### Required action
Starting at the line that contains "Art Decor Art", reproduce only the lines through the end of the data, exactly, including both the first and the last; skip the pictures.
::: Material provided :::
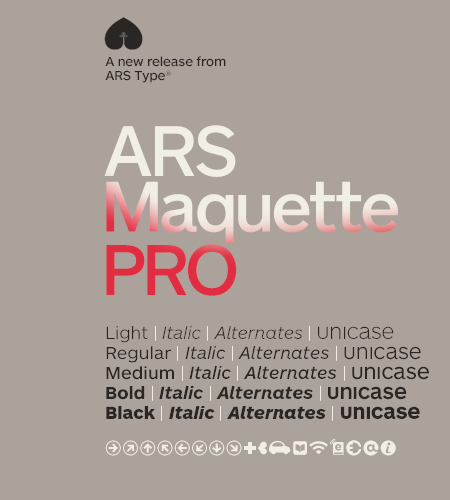 Ejemplo de fuente ARS Maquette Pro Italic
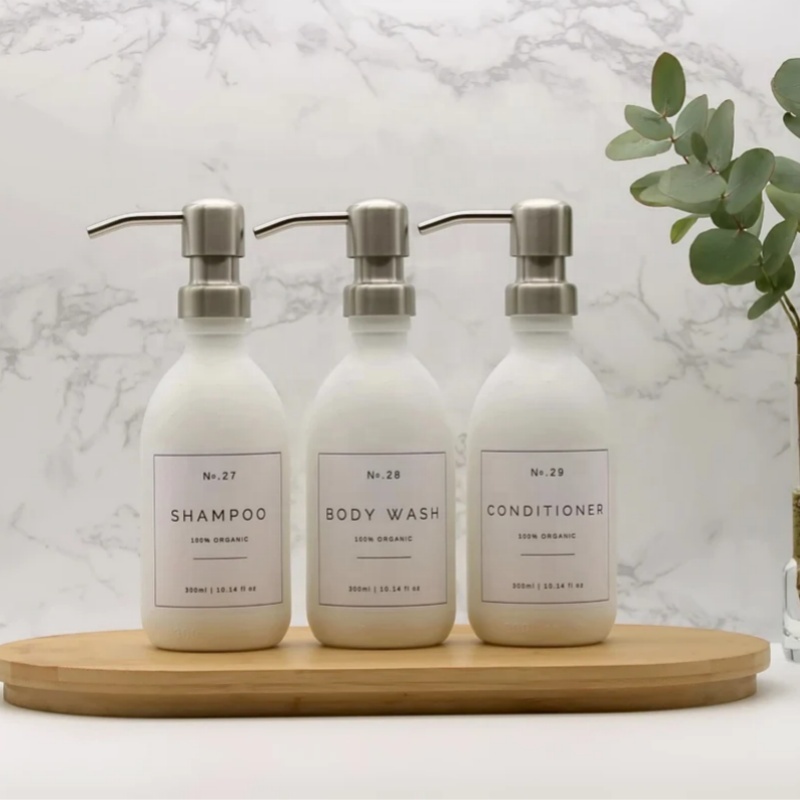 Reusable Clear White Glass Apothecary Shampoo Conditioner Dispenser Bottle With Choice of Pumps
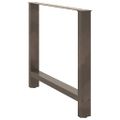 vidaXL Nohy k jedálenskému stolu, prírodná oceľ, 2 ks, 100 x (72-73) cm, oceľ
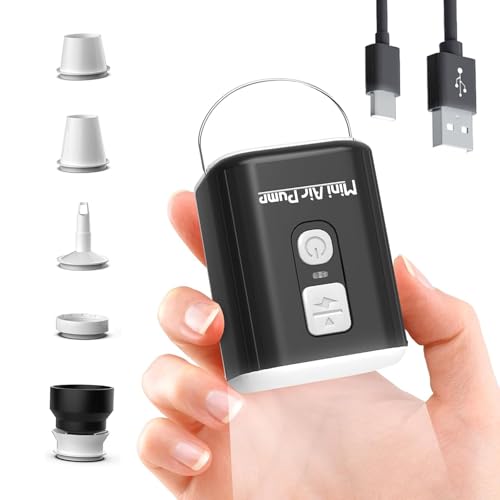 Ultra Mini Bomba De Aire Eléctrica, Bombas Aire Eléctricas Portátiles, Mini Bomba De Aire con 3 Modos Luz de Camping, 5 Boquillas, Inflador y Desinflador, Inflar Colchon Juguetes Inflables y Alberca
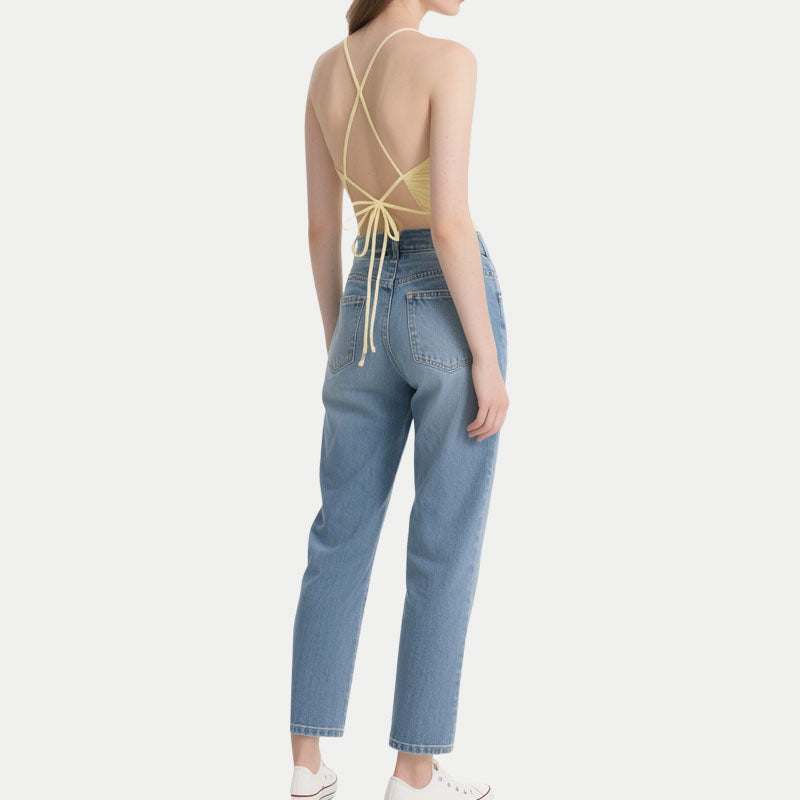 V-Neck Pleated Ruffled Women's Tank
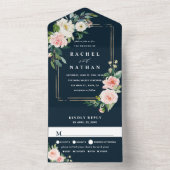 Blush White Bloom Navy Blue Gold Lijst Weddenschap All In One Uitnodiging (Binnen)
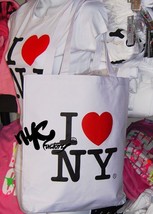 I Love Ny Tote Shoulder Bag Shopping Black White Pink Gift Event Wedding Favor - £7.71 GBP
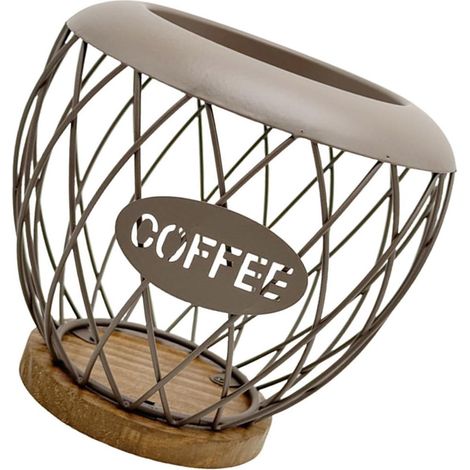 Organisateurs de dosettes de café résistants à la rouille, capacité de 50 cm, cadre en bois métallique, rangement de cuisine moderne, design ouvert, optimisant l'espace pour économiser de (1/5)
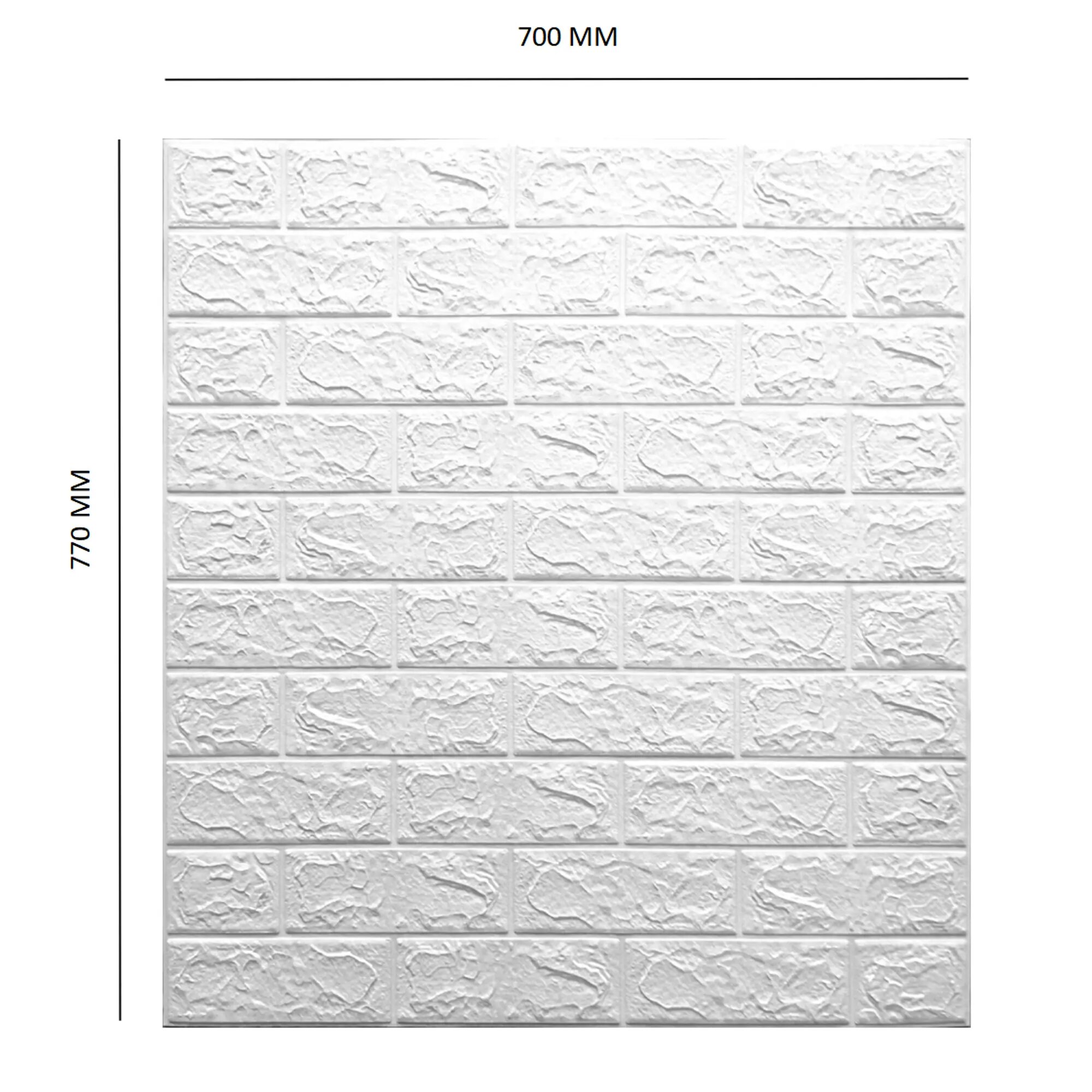 Самоклеющиеся панели для стен 3Д 77*70 см, Кирпич Белый 10 шт. - фотография № 3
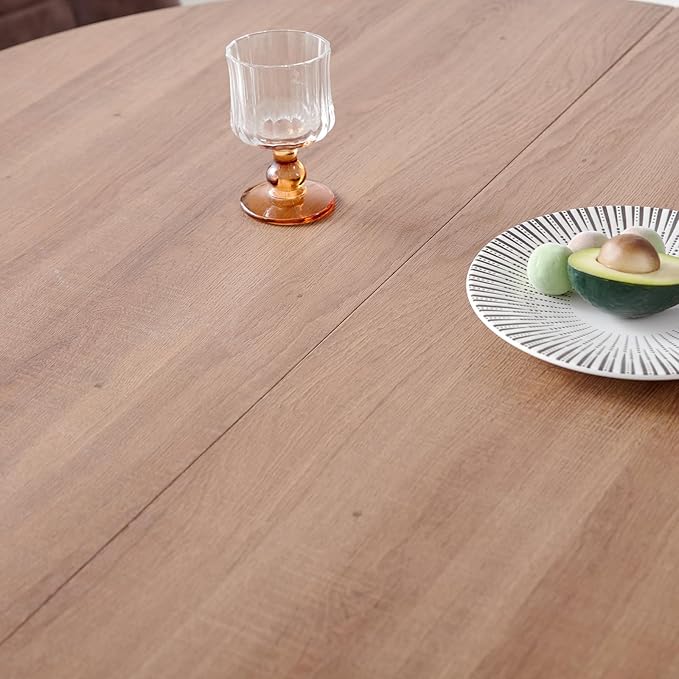 39" Round Dining Table Set for 4, Mid Century Kitchen Table with 4 Faux Leather Dining Chairs for Apartment Living Room Space Saving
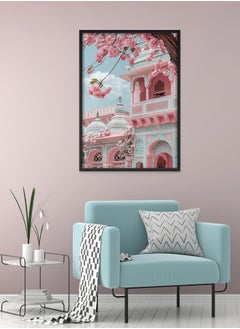 Art Decor Art Decor Pastel Blue Pink Indian Palace Poster Art with Cherry Blossoms Architecture Framed Wall Art Traditional Design for Living Room Bedroom Office Home Decoration Gifting  - Image 2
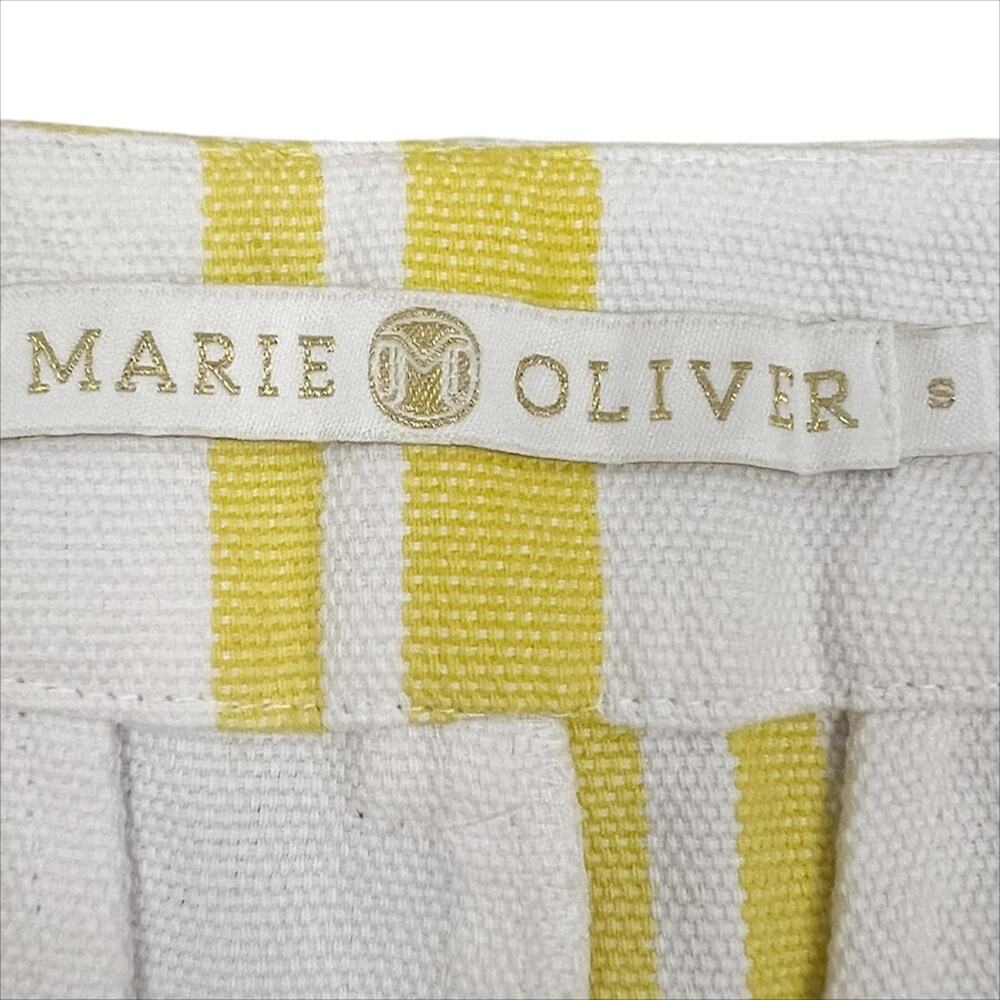 Marie Oliver Keri Denim Mini Skirt White and Yellow Stripes Size 8 - Picture 5 of 5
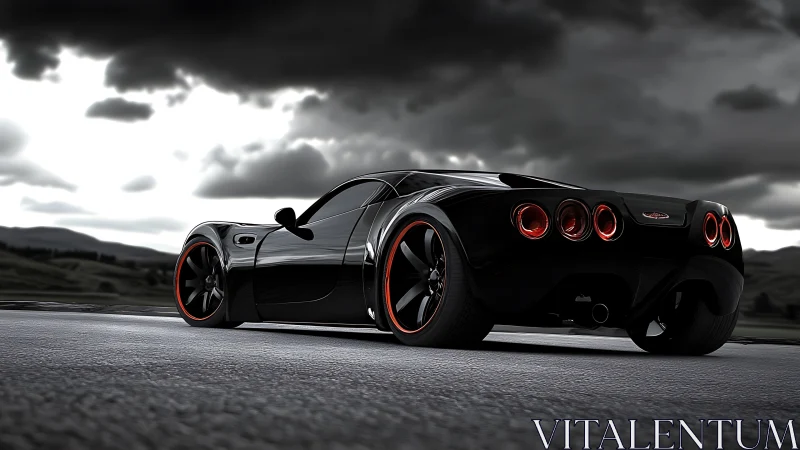 Black sports coupe on wet road under overcast sky.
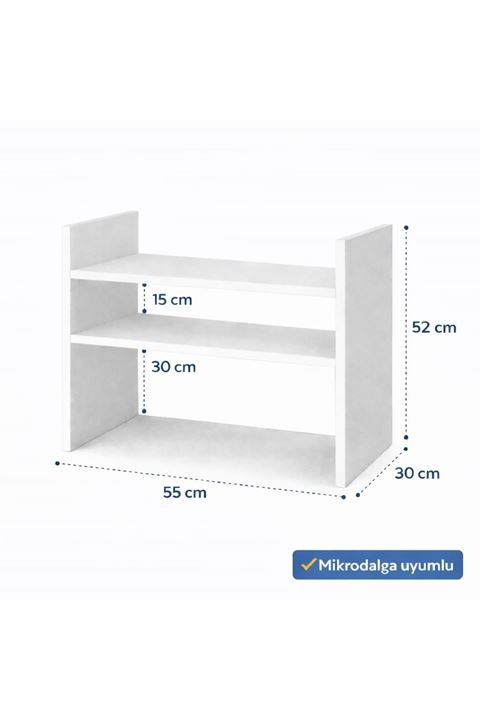Beyaz Tezgah Üstü Raf - Fırın, Mikrodalga Organizer Düzenleyici -Çok Amaçlı Raf - kopya
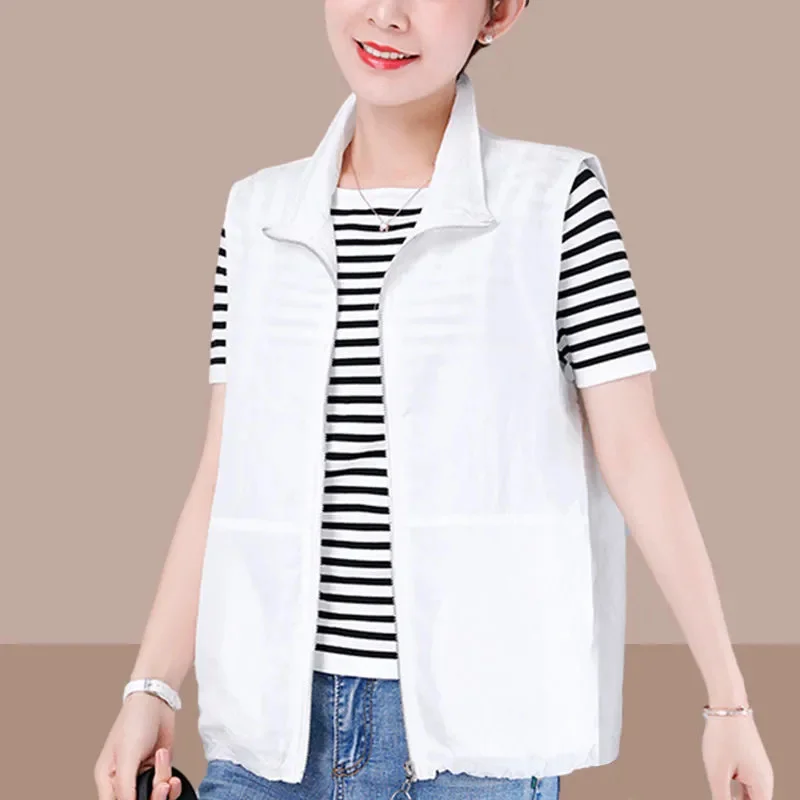 Spring Summer Thin White Vest Women Plus Size Casual Basic Sleeveless Jacket Cardigan Basic Turndown Collar Zipper Waistcoat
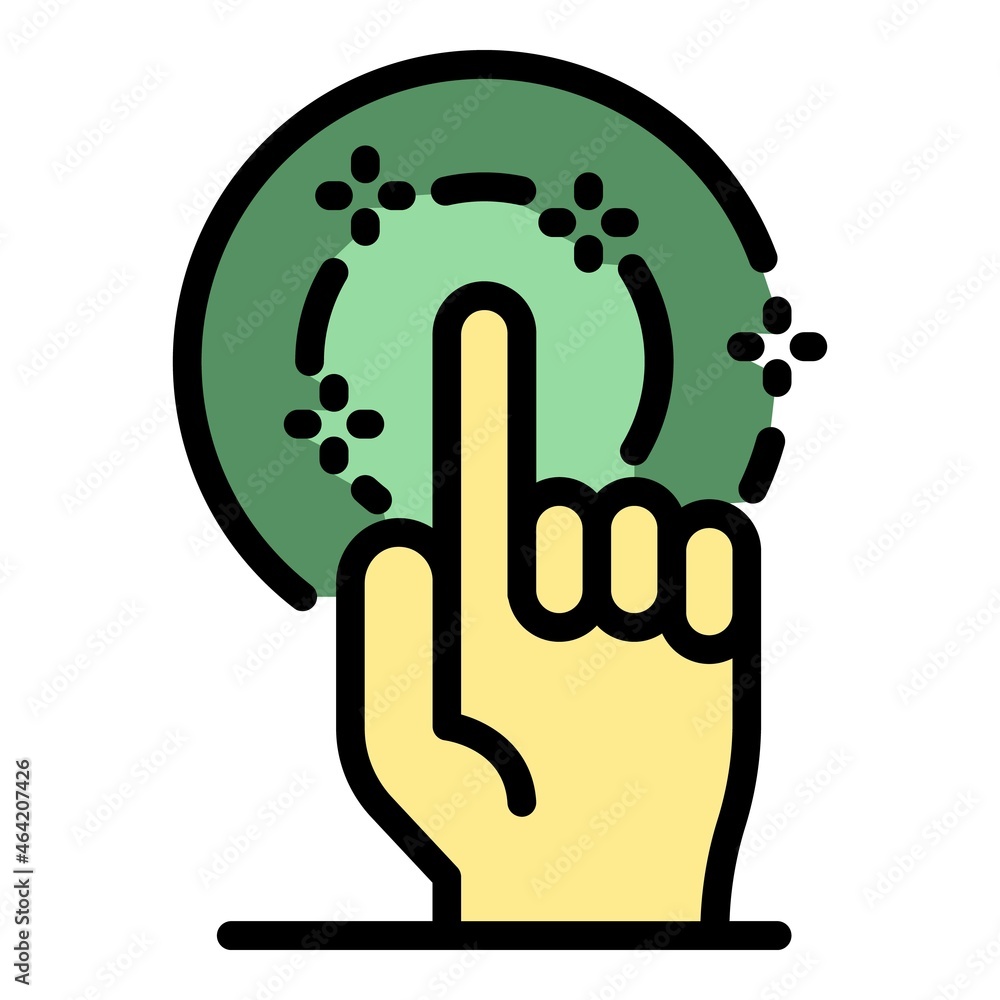 Poster ai fingerprint icon. outline ai fingerprint vector icon color flat isolated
:::
### Written response
 Art Decor Art Decor Pastel Blue Pink Indian Palace Poster Art with Cherry Blossoms Architecture Framed Wall Art Traditional Design for Living Room Bedroom Office Home Decoration Gifting  - Image 2
 Marie Oliver Keri Denim Mini Skirt White and Yellow Stripes Size 8 - Picture 5 of 5
 Black sports coupe on wet road under overcast sky.
Beyaz Tezgah Üstü Raf - Fırın, Mikrodalga Organizer Düzenleyici -Çok Amaçlı Raf - kopya
 Spring Summer Thin White Vest Women Plus Size Casual Basic Sleeveless Jacket Cardigan Basic Turndown Collar Zipper Waistcoat
 Poster ai fingerprint icon. outline ai fingerprint vector icon color flat isolated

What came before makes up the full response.